Theater and Its Discontents
Poor Steven Leigh Morris [“A Theater Lover’s Lament,” Dec. 8–14]. “There are none so blind as those who will not see.” It’s quite true that there’s a lot of pap, sap and showcase crap out there, and lamenting the dismal state of L.A. theater (and the lack of new, exciting and original works) must be hard work indeed. I have a few suggestions that would ease Mr. Morris’ burden. If you would, sir, please:
(1) Accept and appreciate that virtually all small theater productions in L.A. use up every nickel of their sad little budgets getting the shows up and running. There is nothing left to cover the obscenely high costs of advertising.
(2) Accept and appreciate that as a direct result of No. 1, we rely on (that’s right, here it comes) the L.A. Weekly and the Los Angeles Times theater reviews for publicity and any pathetic little scrap of positive reinforcement and usable quotes.
(3) Accept and appreciate that as a direct result of No. 1 and No. 2, you can help encourage new works by seeing to it that they are reviewed at the beginning of their run when the review could, potentially, help get butts in the seats so the rent can be paid. Sadly, productions consider themselves lucky if their review comes out before the last two weeks of a six-to-eight-week run.
(4) Please, please, please! Tell your critics to review the production — performances, lighting, sets, direction, pace, accessibility — and not simply give a plot summary or a critique of the playwright’s other body of work. A mediocre play, or a work in progress, can still be presented in a riveting production.
(5) If you’d like to see more new works, then ask your critics to encourage them — err on the side of support rather than oh-so-clever putdowns (is there an end-of-the-year contest among critics, by the way?).
(6) Most importantly: Realize the power you wield, Mr. Morris. If you want more of a certain type of theater in L.A., there are few people in a better position to foster it. I can’t decide if it’s arrogance or if you really just don’t have a clue.
We read Steven Leigh Morris’ recent article about the state of theater in L.A. and felt he couldn’t be more accurate in his comments. As the most loyal supporter that the L.A. theater scene has, he’s right to point out its shortcomings. At City Garage we have taken plenty of tough hits from him, as well as many nice words of praise. But it has been his identification of our weaknesses that has meant the most. Reflecting on his just criticism has allowed us to grow.
We’re constantly striving to hit the high bar he sets and are grateful to him for doing so. He is right to demand courage from L.A. theater. He’s right to demand innovation, shock, surprise, delight and, ultimately, genuine inspiration. Everything else is a waste of time. Morris wants theater to be what Kafka said all art should be: “the ax that breaks the frozen sea within us.” Morris has such an ax, and we in L.A. theater should value him for wielding it so well.
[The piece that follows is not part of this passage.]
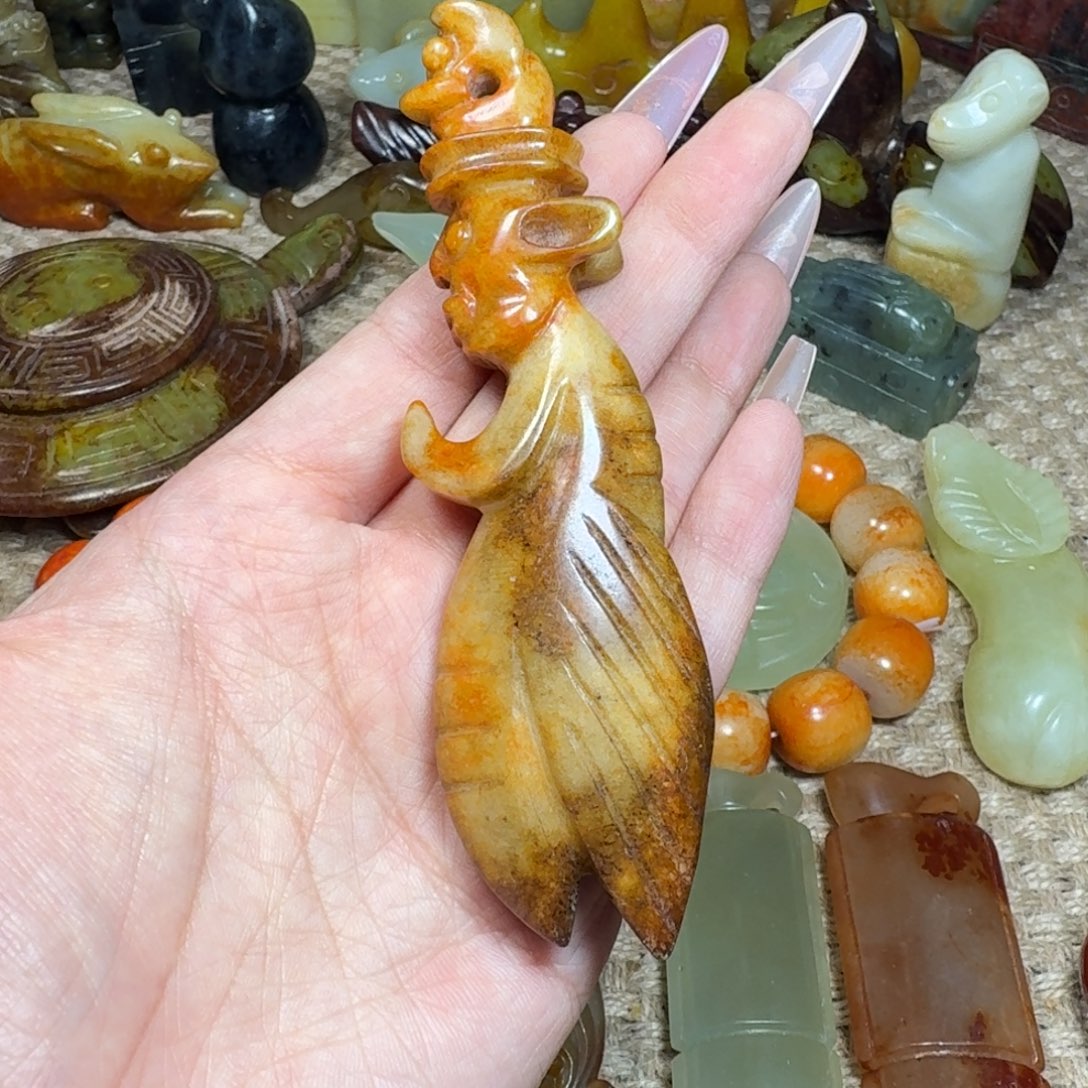 吊坠白玉菩提挂件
Frédérique Michel ?and Charles Duncombe
This is a letter in response to “A Theater Lover’s Lament” by Steven Leigh Morris. I’d like to thank him for writing, and to join him wholeheartedly in the lament. No one likes to hear the truth about how disintegrated the theater scene is. But silence, or encouragement of the mediocrity, is a sure way to add to the most glaring truth — the disappearing spectators, the empty seats. American theater is overdue for a rehaul. L.A. theater can become a big part of that, and the L.A. Weekly can play a vital role. We need more gadfly theater companies and a forum for honest voices of spectators and critics.
I’d like to add the following observations to the points brought up in the article: Unlike some New York companies, L.A. companies have no lasting body of work produced, and most productions have very short rehearsal periods, so the quality is hard to assure. The convention of the actor-spectator relationship is rarely broken, the location is confined to a standard theater space, the ancient notion of theater as a place of provocation is unexplored. The experimentation is not authentic, often borrowed and mostly safe; the truth is feigned. And lastly, there is often a glaring disconnect among the actors onstage, or between the actors’ actions and the possibilities of the material.